About this task:
Below are records with pictures; copy word for word only the lines between the line with "Disconnect the tail light" and the line with "Magnolia berry branch", inclusive, and drop the pictures.

Recorded information:

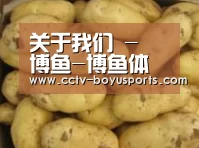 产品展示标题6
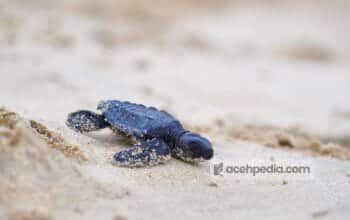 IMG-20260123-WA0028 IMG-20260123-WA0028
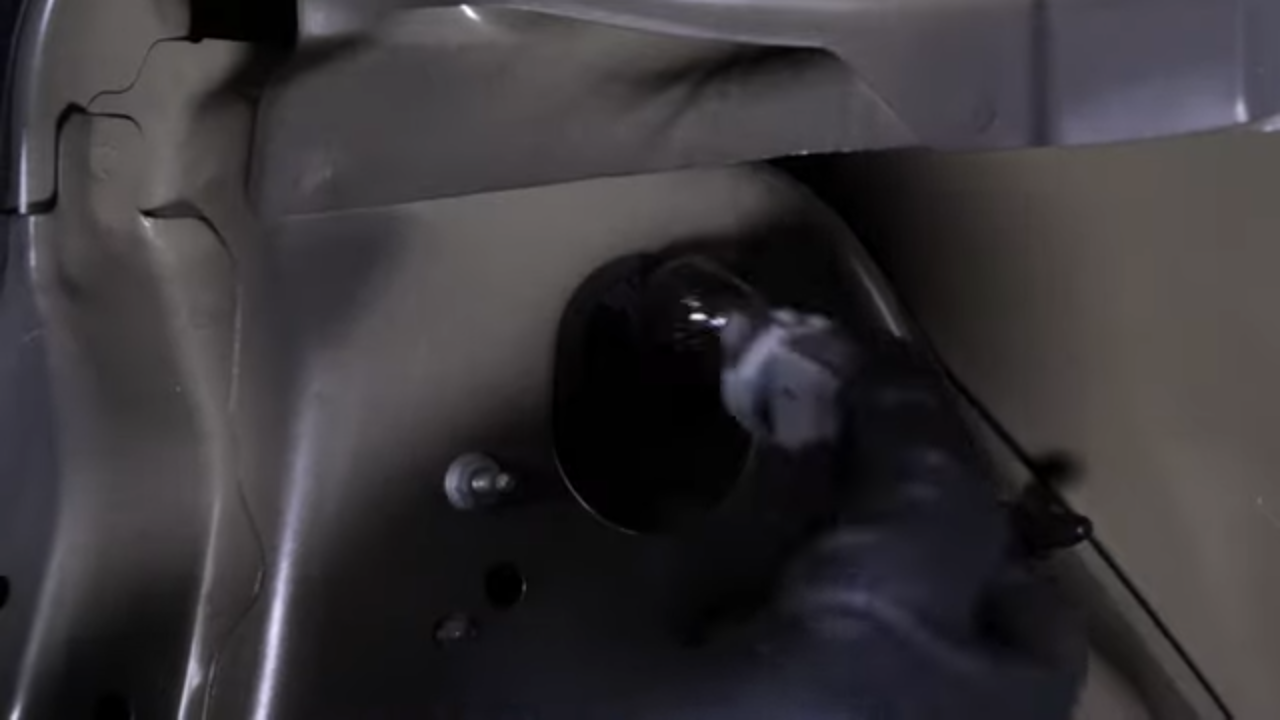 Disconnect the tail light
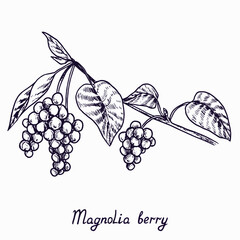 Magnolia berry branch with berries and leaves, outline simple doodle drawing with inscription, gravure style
...
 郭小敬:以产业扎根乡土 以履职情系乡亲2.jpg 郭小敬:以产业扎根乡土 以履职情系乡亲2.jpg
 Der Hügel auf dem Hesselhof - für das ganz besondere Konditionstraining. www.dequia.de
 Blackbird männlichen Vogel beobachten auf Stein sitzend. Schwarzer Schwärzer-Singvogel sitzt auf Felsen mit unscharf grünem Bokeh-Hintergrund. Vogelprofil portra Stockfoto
...
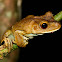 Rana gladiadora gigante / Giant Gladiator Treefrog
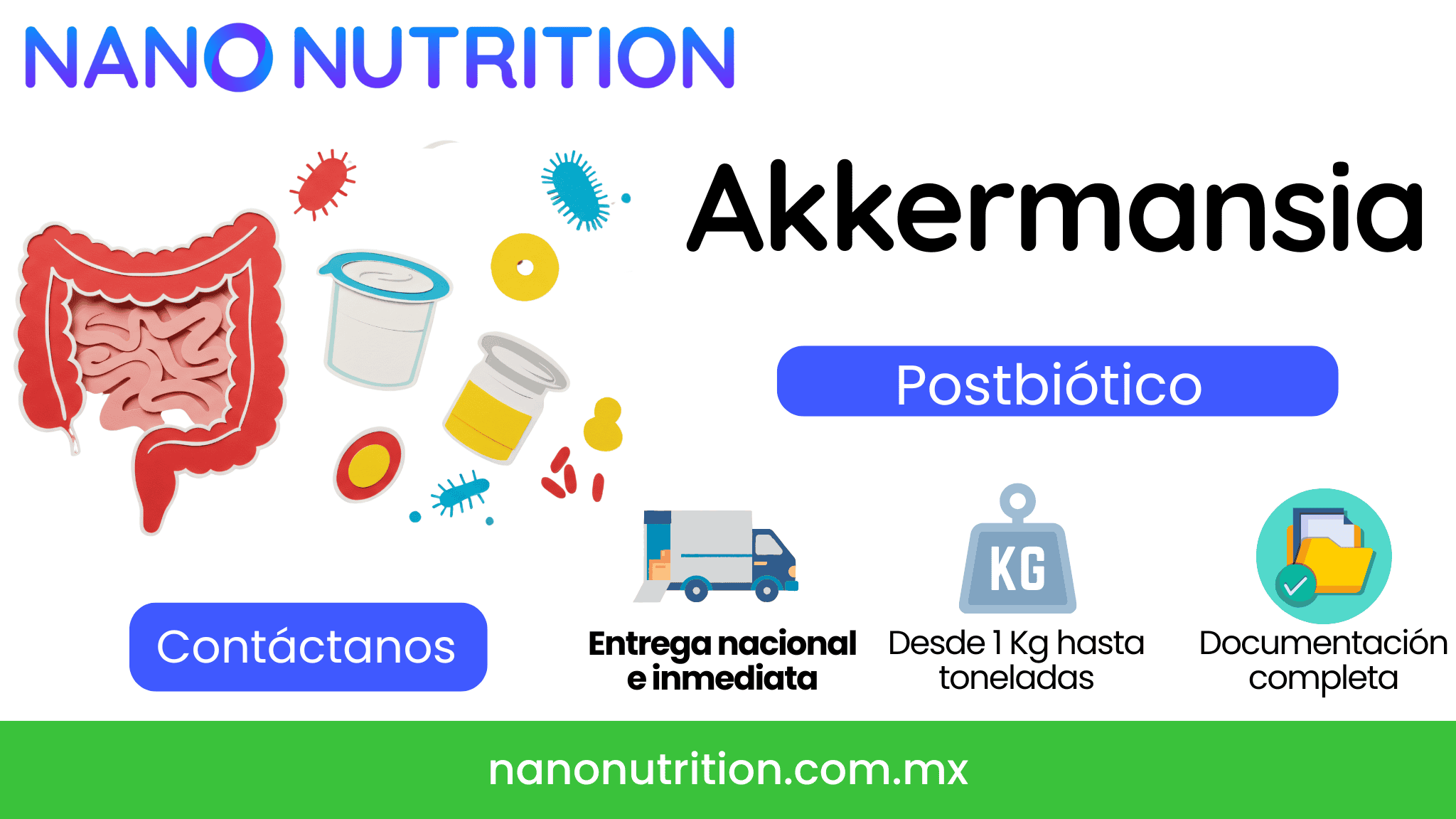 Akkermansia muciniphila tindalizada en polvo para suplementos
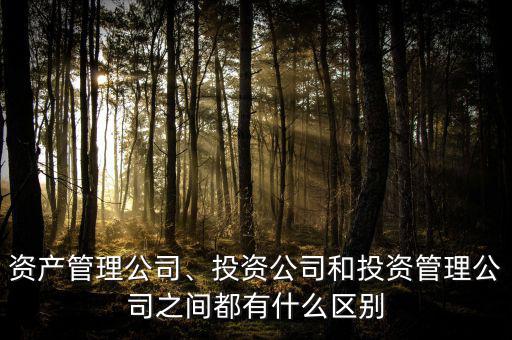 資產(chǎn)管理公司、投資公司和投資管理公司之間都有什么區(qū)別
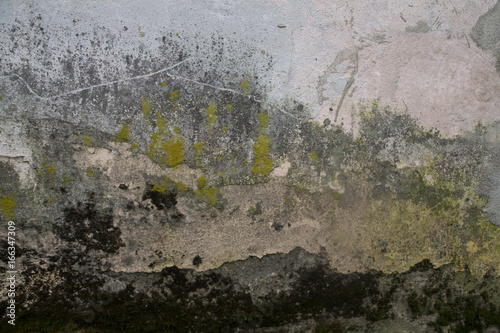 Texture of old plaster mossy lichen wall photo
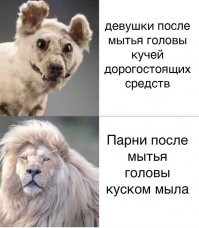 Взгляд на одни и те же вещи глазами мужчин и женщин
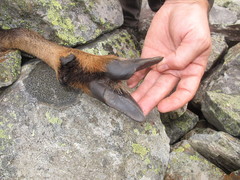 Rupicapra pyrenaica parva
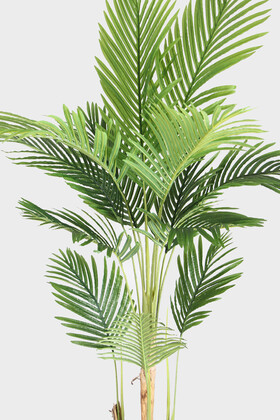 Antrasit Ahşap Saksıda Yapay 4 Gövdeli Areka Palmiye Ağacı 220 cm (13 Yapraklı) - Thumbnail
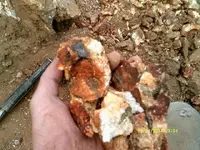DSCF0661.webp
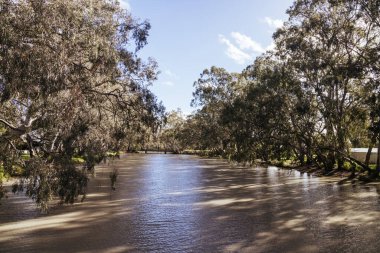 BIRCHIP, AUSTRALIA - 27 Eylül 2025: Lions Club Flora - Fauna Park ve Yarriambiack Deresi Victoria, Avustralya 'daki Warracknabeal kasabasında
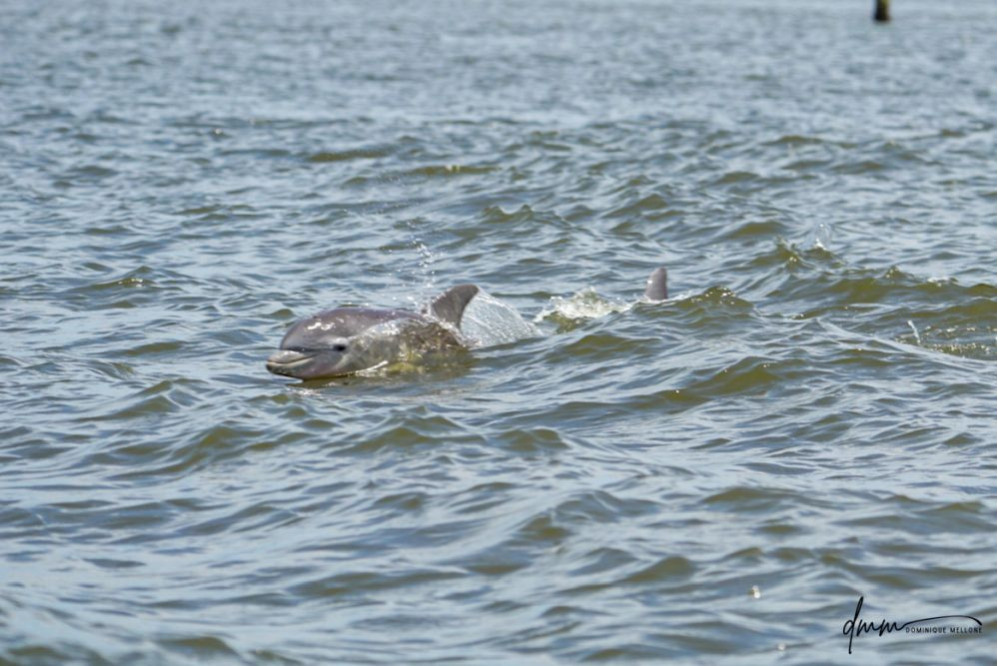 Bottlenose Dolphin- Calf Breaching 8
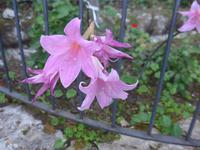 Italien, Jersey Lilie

The answer:
 Disconnect the tail light
 Magnolia berry branch with berries and leaves, outline simple doodle drawing with inscription, gravure style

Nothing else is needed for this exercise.